14話「夢へ沈む」

 その日の夜。

 葉久慈氏から入眠予定時刻が送られてきた。私は食後のシャワーを浴びて入念に柔軟運動を行い、ベッドに潜り込んで麻木が準備した情報端末と私の電子神経を繋ぐ。これにより麻木は、私の睡眠中の通信を監視し、夢の世界を観測する事が可能だ。麻木が組み上げた専用のソフトウェアだ、現実世界の側から私に指示を出すことを可能とする。

 私は仰向けのまま宙に指を滑らせる。脳内に浮かぶ真っ白な背景の上に、指の動きと連動して線が描画されていく。昼間の彼女のように、今も一部の愛好家は画材を用いて絵を描くらしいが、私は専ら電子描画だ。彼女の作品とその情報を脳内の片隅に置く。電子神経もなしに彼女は正確な線を引いていたことを思い出す。

 正確に線を引いていくとロシア製の短機関銃の絵が出来上がっていく。ストックを折り畳むことが可能でリュックにも簡単に収まる携帯性の高さが特徴だ。私の小柄な体格でも十分扱えるだろう。

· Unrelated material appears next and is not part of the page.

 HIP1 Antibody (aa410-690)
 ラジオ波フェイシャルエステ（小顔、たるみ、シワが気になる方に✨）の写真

 一切の迷いなく手早く線を引いていく。その集合体が形を作り上げていく。麻木は感嘆の声を漏らした。私の脳裏に浮かぶ映像と同じものが麻木の手元の画面にも映っている。

「古澄ちゃん、何書いてるの? 銃?」

「護身用に夢の世界に持ち込もうかと思いまして」

「実銃なら規格図のデータを取り込むんじゃ駄目なの?」

「リハビリも兼ねていますから」

 私は昔からよく絵を描いた。入院中の暇つぶしという側面もあったが基本的にはリハビリの為だ。

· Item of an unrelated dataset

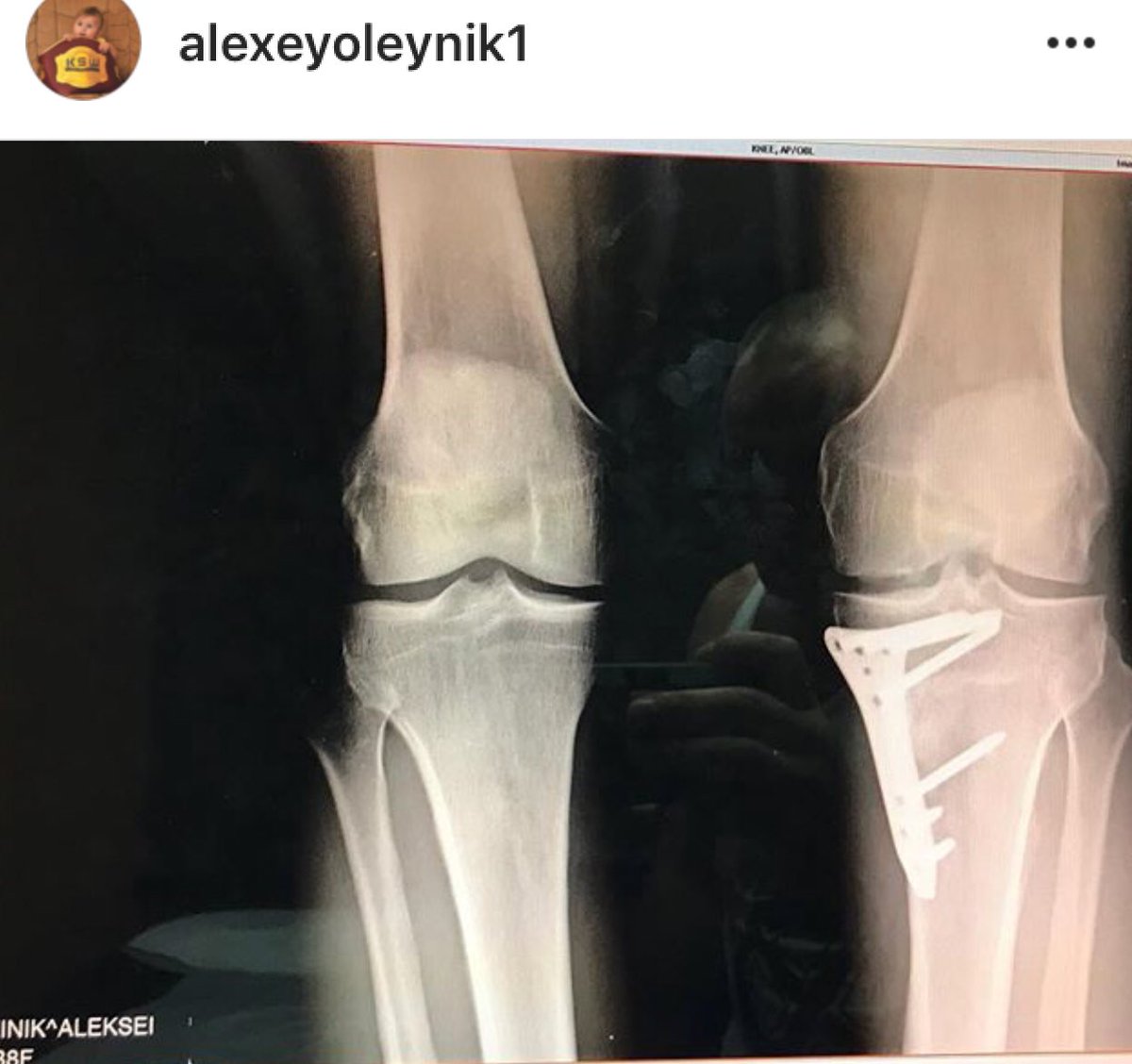 BraveIgor's tweet photo. @oleynikufc has screw on his leg and fight with it 3 last years. He can’t make shots by this leg, can’t run. But he is real man! 💪🏻 https://t.co/tsHS4dgqXJ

 視覚情報を電子神経を介して変換し、脳内で映像化する。その記憶を再び電子神経を介して出力する。

 線を引き色を付け、視覚で得た情報を取捨選択して、平面に落とし込んでいく。その入出力の過程が思考や意識をデジタルなものとして認識する私にとって、リハビリとして効果的であるらしい。

 人は自らの身体を動かす時、その動作全てを意識しているわけではない。

 例えば何かを掴む時、指一本ごとの動作を意識して動かすことはない。筋肉の細かな動きまでを考慮し組み上げ指示する必要はない。

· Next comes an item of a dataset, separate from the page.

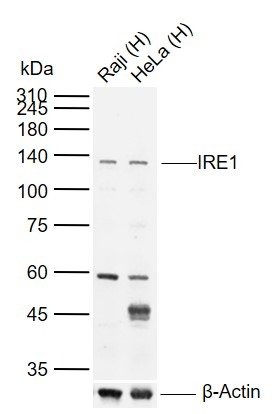 Anti-IRE1 Polyclonal Antibody 2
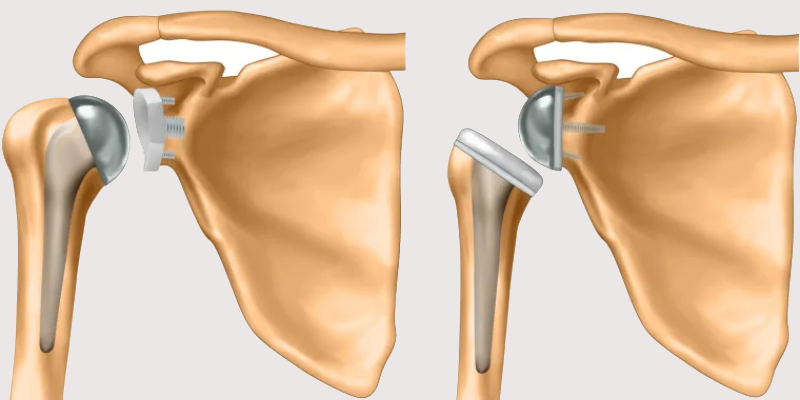 Shoulder Replacement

 何回も繰り返した動作は脳内に刻み込まれ、細かい思考を必要とすることなく、無意識の内に手を動かす。自分の身体を動かす術を自我が目覚める前に学習し、その応用を繰り返してより高度な動きを可能としていく。

 私にはそれが出来ない。脳神経と身体神経が乖離して生まれ、それを電子神経で結び付け、自我が後天的に肉体と結びついた私にとって、自らの肉体を動かすことはさながら義肢を扱うようなものであった。思考し、意識し、その結果を電子神経を介して出力して初めて身体が動く。

 長い入院生活とリハビリの中で私はそれを繰り返した。

 自分の身体を制御する為に、脳内でどのような指示を組み上げて記述し肉体へと届けるかの試行錯誤。電子神経を介すが故に、どうしても埋まらない思考と動作の一瞬の遅れ。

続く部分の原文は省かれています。